TASK TO CARRY OUT –
In the records below, find the line that contains "Imagen de TERMALGIN 650 mg 20 COMPRIMIDOS" and the line that contains "Brigade Komarla Heights"; write out exactly those two lines and everything between them, without the pictures.

RECORDS FOR THE EXERCISE –
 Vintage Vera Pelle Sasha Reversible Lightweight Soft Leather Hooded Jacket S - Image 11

---

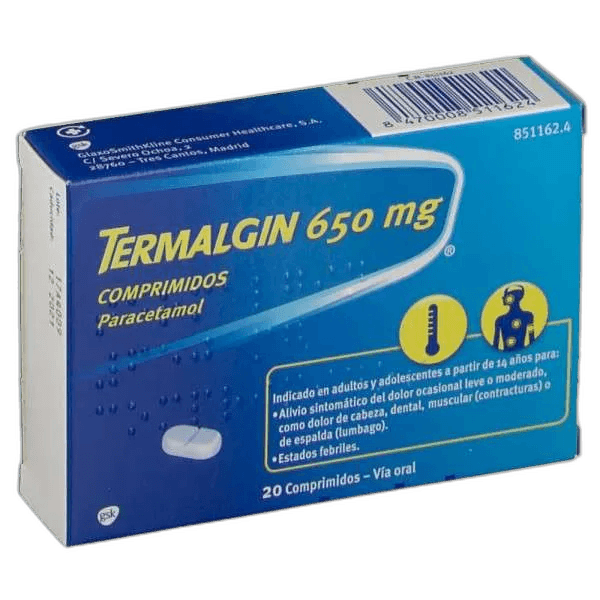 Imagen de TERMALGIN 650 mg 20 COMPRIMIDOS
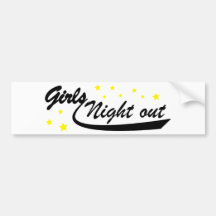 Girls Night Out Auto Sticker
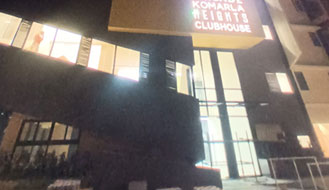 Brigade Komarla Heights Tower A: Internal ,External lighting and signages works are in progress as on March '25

==

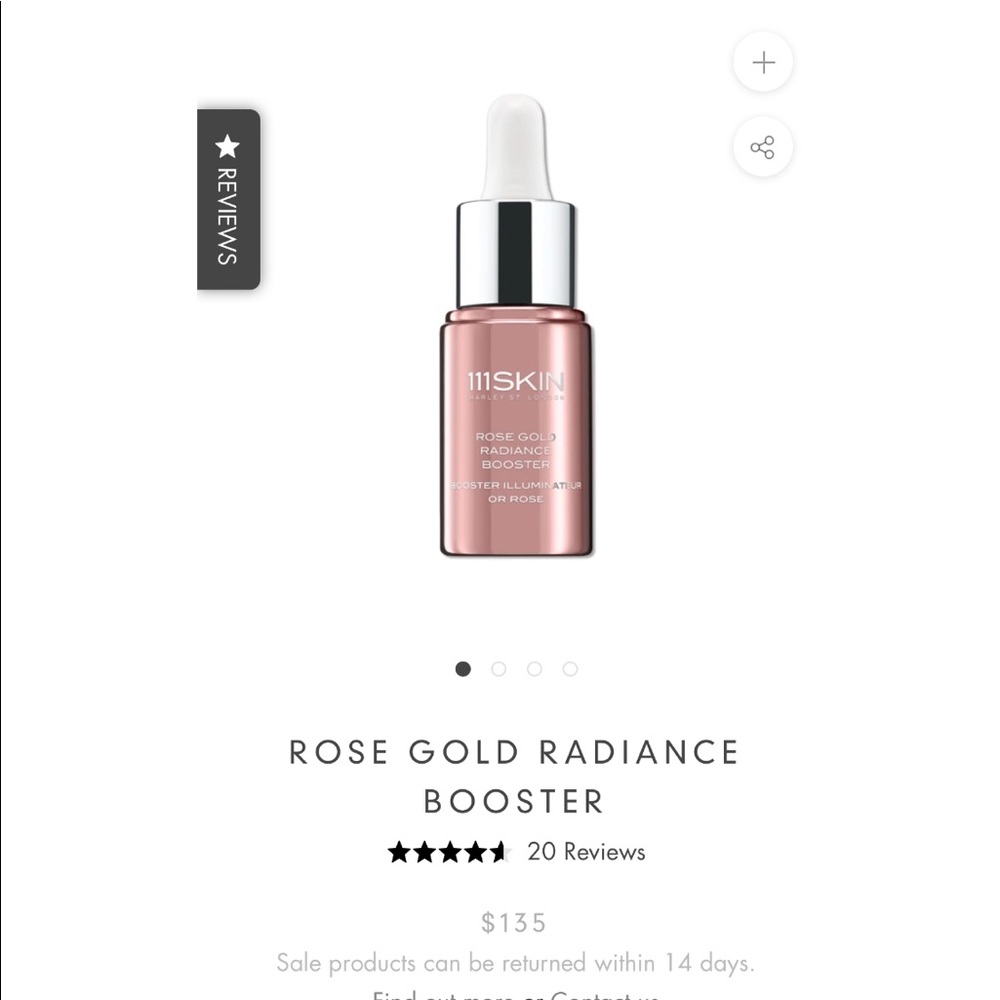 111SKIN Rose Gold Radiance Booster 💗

EXPECTED OUTPUT –
 Imagen de TERMALGIN 650 mg 20 COMPRIMIDOS
 Girls Night Out Auto Sticker
 Brigade Komarla Heights Tower A: Internal ,External lighting and signages works are in progress as on March '25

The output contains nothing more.